Working data.
########

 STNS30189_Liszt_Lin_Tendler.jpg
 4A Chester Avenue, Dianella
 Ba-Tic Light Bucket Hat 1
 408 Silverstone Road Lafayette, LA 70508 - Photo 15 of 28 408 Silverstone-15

########

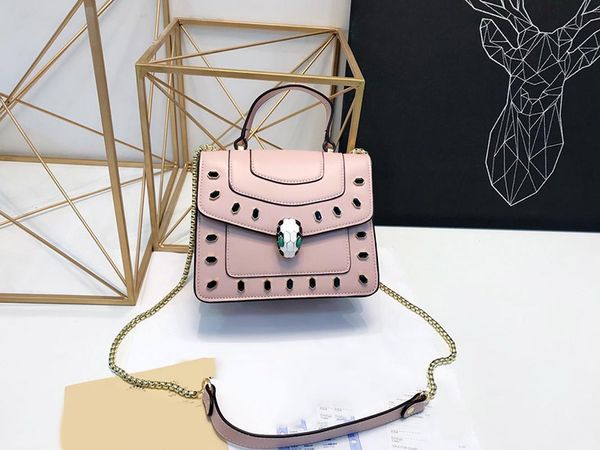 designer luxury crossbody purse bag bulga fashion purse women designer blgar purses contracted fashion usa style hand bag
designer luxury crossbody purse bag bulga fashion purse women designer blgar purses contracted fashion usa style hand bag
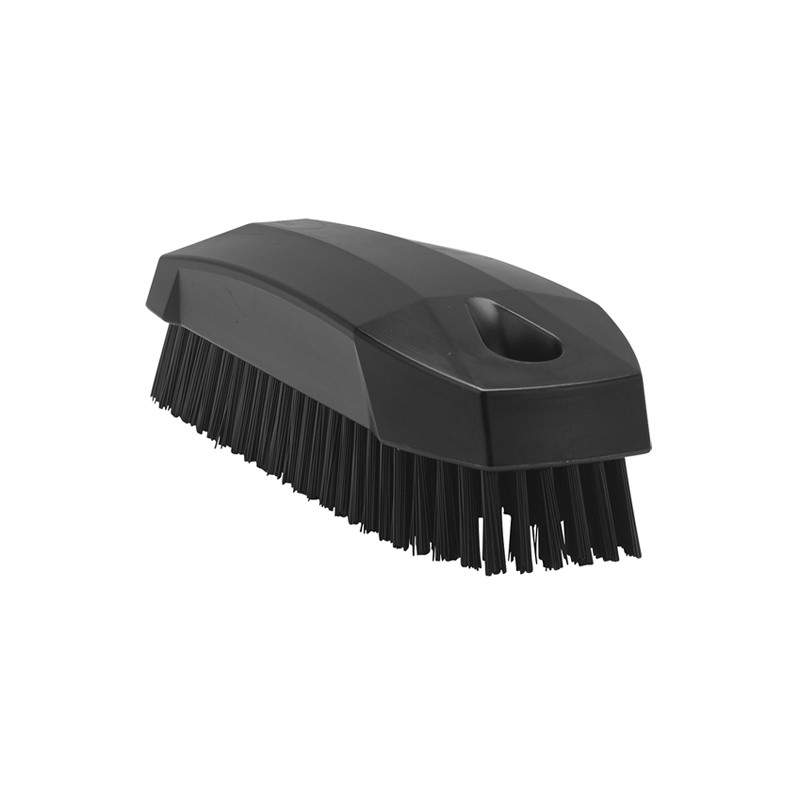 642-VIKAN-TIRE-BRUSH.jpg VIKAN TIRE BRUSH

########

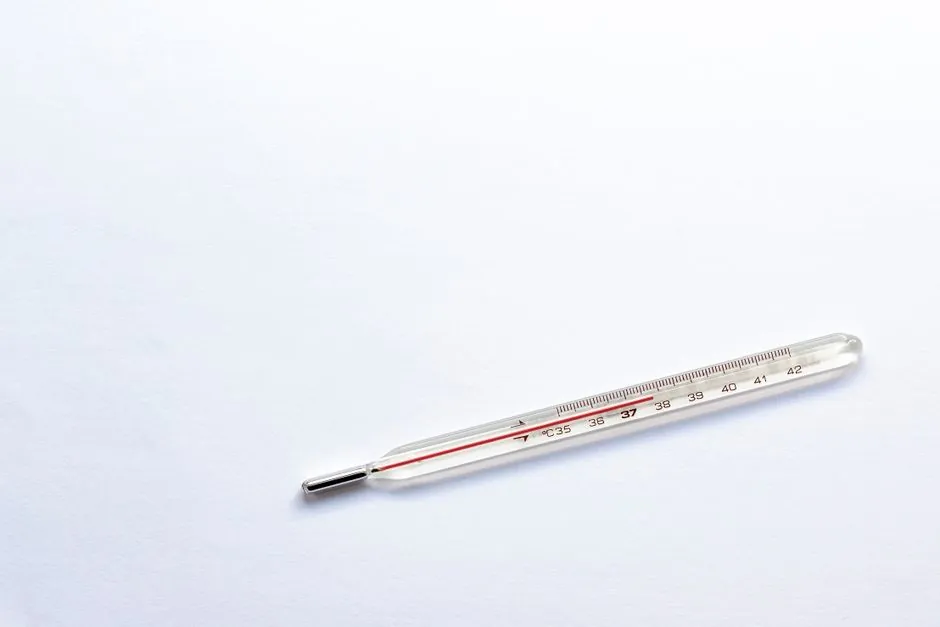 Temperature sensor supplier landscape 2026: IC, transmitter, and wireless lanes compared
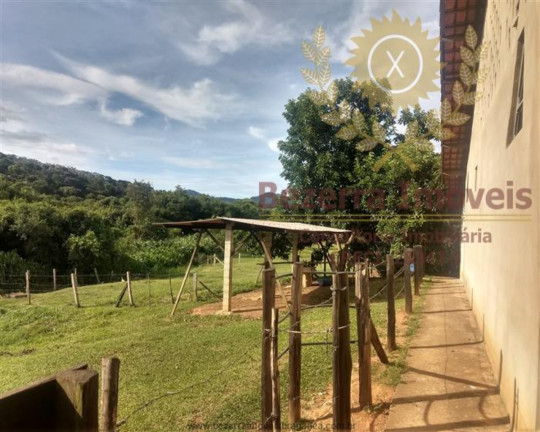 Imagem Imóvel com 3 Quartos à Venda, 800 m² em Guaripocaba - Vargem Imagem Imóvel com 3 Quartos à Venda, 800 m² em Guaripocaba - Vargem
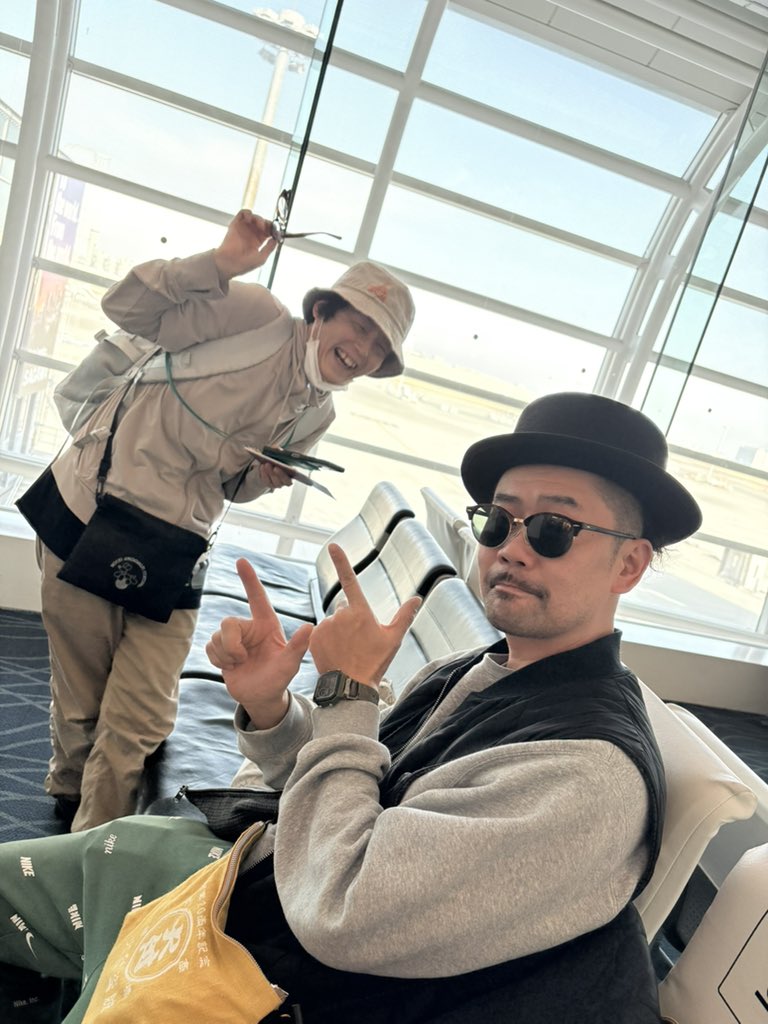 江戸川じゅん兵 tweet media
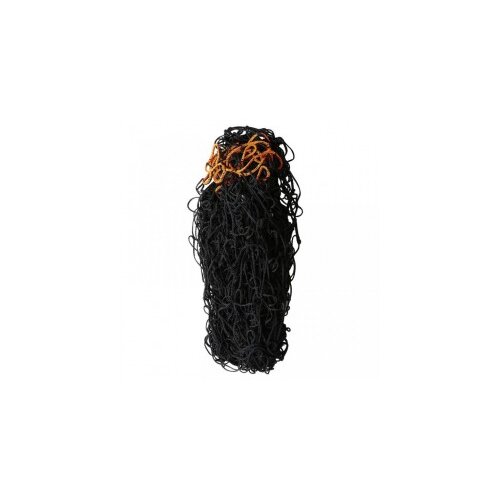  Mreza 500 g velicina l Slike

########

From the data above, output exactly the lines between the one containing "STNS30189_Liszt_Lin_Tendler.jpg" and the one containing "408 Silverstone Road", counting both of them.

 STNS30189_Liszt_Lin_Tendler.jpg
 4A Chester Avenue, Dianella
 Ba-Tic Light Bucket Hat 1
 408 Silverstone Road Lafayette, LA 70508 - Photo 15 of 28 408 Silverstone-15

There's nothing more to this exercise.